Entries taken from a collection:
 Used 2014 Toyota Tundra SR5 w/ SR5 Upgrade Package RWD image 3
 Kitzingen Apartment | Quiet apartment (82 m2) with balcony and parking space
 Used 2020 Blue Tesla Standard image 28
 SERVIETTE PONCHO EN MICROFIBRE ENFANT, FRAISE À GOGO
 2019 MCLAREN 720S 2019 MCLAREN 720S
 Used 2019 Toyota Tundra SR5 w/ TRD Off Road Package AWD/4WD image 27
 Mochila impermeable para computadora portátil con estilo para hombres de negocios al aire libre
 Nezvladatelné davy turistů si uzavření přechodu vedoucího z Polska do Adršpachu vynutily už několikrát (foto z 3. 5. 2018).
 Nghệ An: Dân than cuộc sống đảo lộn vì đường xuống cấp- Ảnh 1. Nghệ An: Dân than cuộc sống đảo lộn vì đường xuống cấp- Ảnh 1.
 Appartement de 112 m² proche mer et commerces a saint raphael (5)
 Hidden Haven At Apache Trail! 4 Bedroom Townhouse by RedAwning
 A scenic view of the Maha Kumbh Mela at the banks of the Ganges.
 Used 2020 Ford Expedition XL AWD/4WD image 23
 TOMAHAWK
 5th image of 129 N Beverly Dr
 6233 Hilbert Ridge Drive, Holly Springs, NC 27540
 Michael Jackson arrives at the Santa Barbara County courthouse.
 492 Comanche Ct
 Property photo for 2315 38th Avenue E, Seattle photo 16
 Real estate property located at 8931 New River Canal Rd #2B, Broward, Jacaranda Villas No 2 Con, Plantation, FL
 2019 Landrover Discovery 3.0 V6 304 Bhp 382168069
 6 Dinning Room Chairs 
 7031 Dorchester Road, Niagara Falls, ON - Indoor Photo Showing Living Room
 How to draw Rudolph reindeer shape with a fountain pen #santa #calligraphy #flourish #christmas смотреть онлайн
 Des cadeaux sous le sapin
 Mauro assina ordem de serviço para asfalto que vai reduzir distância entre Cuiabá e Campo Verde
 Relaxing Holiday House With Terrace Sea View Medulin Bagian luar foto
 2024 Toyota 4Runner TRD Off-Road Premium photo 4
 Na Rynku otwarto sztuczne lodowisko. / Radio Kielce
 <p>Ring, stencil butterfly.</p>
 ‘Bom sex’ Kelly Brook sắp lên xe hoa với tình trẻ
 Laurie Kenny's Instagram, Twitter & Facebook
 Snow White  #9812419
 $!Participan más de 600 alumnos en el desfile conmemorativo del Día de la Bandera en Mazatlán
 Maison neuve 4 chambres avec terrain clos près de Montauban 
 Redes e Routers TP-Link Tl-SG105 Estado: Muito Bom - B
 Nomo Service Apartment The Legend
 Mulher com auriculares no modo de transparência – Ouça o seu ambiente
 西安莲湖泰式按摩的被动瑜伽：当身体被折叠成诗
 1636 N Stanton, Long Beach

▶ Task prompt: The required output is the entries from their opening line through the line holding "Property photo for", repeated exactly, with both end lines kept.

▶ Written solution:
 Used 2014 Toyota Tundra SR5 w/ SR5 Upgrade Package RWD image 3
 Kitzingen Apartment | Quiet apartment (82 m2) with balcony and parking space
 Used 2020 Blue Tesla Standard image 28
 SERVIETTE PONCHO EN MICROFIBRE ENFANT, FRAISE À GOGO
 2019 MCLAREN 720S 2019 MCLAREN 720S
 Used 2019 Toyota Tundra SR5 w/ TRD Off Road Package AWD/4WD image 27
 Mochila impermeable para computadora portátil con estilo para hombres de negocios al aire libre
 Nezvladatelné davy turistů si uzavření přechodu vedoucího z Polska do Adršpachu vynutily už několikrát (foto z 3. 5. 2018).
 Nghệ An: Dân than cuộc sống đảo lộn vì đường xuống cấp- Ảnh 1. Nghệ An: Dân than cuộc sống đảo lộn vì đường xuống cấp- Ảnh 1.
 Appartement de 112 m² proche mer et commerces a saint raphael (5)
 Hidden Haven At Apache Trail! 4 Bedroom Townhouse by RedAwning
 A scenic view of the Maha Kumbh Mela at the banks of the Ganges.
 Used 2020 Ford Expedition XL AWD/4WD image 23
 TOMAHAWK
 5th image of 129 N Beverly Dr
 6233 Hilbert Ridge Drive, Holly Springs, NC 27540
 Michael Jackson arrives at the Santa Barbara County courthouse.
 492 Comanche Ct
 Property photo for 2315 38th Avenue E, Seattle photo 16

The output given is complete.